Dall’ultima riforma della scuola esiste un livello intermedio tra il diploma e l’università, ovvero i corsi Its (Istruzione Tecnica Superiore). Si tratta di un percorso di formazione di due anni, che punta a migliorare le competenze ottenute tramite la scuola superiore, con particolare attenzione a ciò che sarà richiesto sul posto di lavoro. Sono finanziati da Mise, Ministero dell’Istruzione e Fondo Sociale Europeo, cosicché per i ragazzi sono praticamente gratuiti: spendono soltanto 200 euro per iscriversi al primo anno. La gestione è in mano a fondazioni composte da istituti superiori, università e aziende del territorio.

Due Its, in particolare, sono orientati alla meccanica agricola. Il primo prende ispirazione dall’Itis Malignani di Portogruaro (Ve), il secondo ha invece radici profonde in Emilia Romagna.

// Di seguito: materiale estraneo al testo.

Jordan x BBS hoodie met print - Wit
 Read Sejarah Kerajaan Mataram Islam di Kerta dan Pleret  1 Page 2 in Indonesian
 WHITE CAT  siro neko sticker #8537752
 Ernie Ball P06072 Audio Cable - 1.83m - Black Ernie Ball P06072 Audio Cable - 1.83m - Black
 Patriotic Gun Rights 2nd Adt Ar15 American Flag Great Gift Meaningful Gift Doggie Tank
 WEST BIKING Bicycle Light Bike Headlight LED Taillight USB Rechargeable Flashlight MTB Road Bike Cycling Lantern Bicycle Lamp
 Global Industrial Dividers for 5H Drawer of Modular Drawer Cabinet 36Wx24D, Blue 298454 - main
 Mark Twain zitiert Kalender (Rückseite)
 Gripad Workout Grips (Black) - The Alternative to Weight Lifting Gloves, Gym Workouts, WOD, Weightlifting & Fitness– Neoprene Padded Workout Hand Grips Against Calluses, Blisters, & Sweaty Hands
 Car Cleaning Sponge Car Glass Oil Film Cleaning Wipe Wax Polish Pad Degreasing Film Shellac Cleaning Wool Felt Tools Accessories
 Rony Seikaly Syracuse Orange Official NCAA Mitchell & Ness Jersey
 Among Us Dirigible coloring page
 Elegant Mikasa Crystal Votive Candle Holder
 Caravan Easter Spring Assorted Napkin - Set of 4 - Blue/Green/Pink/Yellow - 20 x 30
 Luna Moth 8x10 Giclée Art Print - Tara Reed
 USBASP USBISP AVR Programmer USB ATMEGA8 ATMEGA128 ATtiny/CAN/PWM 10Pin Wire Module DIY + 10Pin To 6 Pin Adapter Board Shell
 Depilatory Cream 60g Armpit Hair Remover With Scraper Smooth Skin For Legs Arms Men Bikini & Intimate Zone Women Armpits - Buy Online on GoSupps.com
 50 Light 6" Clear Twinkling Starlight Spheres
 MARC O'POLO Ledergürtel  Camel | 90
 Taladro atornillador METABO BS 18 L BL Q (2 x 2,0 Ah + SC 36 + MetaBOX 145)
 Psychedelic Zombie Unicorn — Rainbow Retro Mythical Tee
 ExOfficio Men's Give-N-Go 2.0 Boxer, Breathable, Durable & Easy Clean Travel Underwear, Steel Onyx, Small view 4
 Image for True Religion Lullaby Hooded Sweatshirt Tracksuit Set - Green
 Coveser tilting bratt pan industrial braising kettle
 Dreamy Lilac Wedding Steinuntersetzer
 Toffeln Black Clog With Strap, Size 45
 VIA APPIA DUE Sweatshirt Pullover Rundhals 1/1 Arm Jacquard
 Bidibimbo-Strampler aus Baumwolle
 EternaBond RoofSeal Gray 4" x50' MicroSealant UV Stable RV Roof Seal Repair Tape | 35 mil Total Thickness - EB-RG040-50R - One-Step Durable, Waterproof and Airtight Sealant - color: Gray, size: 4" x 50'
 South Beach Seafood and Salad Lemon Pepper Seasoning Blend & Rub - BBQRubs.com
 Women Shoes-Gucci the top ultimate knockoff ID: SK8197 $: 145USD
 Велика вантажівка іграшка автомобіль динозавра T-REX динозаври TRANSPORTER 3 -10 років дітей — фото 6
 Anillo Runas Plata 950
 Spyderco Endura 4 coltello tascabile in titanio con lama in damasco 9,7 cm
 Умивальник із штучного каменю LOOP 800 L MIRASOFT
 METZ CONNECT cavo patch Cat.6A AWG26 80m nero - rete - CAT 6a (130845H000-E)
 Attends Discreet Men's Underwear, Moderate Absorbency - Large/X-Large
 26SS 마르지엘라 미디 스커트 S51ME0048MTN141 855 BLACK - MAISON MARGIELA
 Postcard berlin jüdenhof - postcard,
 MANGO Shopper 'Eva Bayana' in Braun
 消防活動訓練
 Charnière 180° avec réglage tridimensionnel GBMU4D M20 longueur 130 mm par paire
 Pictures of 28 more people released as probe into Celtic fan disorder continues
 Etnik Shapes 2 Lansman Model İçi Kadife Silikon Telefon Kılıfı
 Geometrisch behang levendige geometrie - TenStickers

«All’inizio fu difficile ingranare. Per un ragazzo iscriversi a un corso post-diploma appena varato e così innovativo è un bel salto nel buio. Oggi siamo più conosciuti e copriamo senza troppe difficoltà tutti i 22 posti disponibili», ci spiega Bruno Costa, referente dell’Isis Malignani di Portogruaro  all’interno del Mits, ovvero l’Its in Agromeccatronica di Portogruaro, in cui si insegnano meccanica, elettronica, informatica ma anche agraria «Perché per fare il meccanico in agricoltura è indispensabile avere almeno una vaga idea di cosa fa un attrezzo in un campo e di come le condizioni del terreno possono influire sul suo funzionamento e condizionarne la durata».

Come ogni corso Its, anche quello veneziano prevede lunghi periodi di apprendimento sul campo: tre mesi nel primo anno e altri tre alla fine del secondo, prima dell’esame finale. «Una formula – fa notare Costa – che permette di capire bene come funziona il mondo del lavoro». La dimostrazione arriva dai fatti: la gran parte di chi si diploma ha già un impiego in tasca, spesso nell’azienda presso cui ha fatto lo stage. «I nostri partner sono soprattutto concessionari: imprese famigliari, dove si richiedono tempi di ritorno brevi e due anni per formare un apprendista sono un intervallo insormontabile».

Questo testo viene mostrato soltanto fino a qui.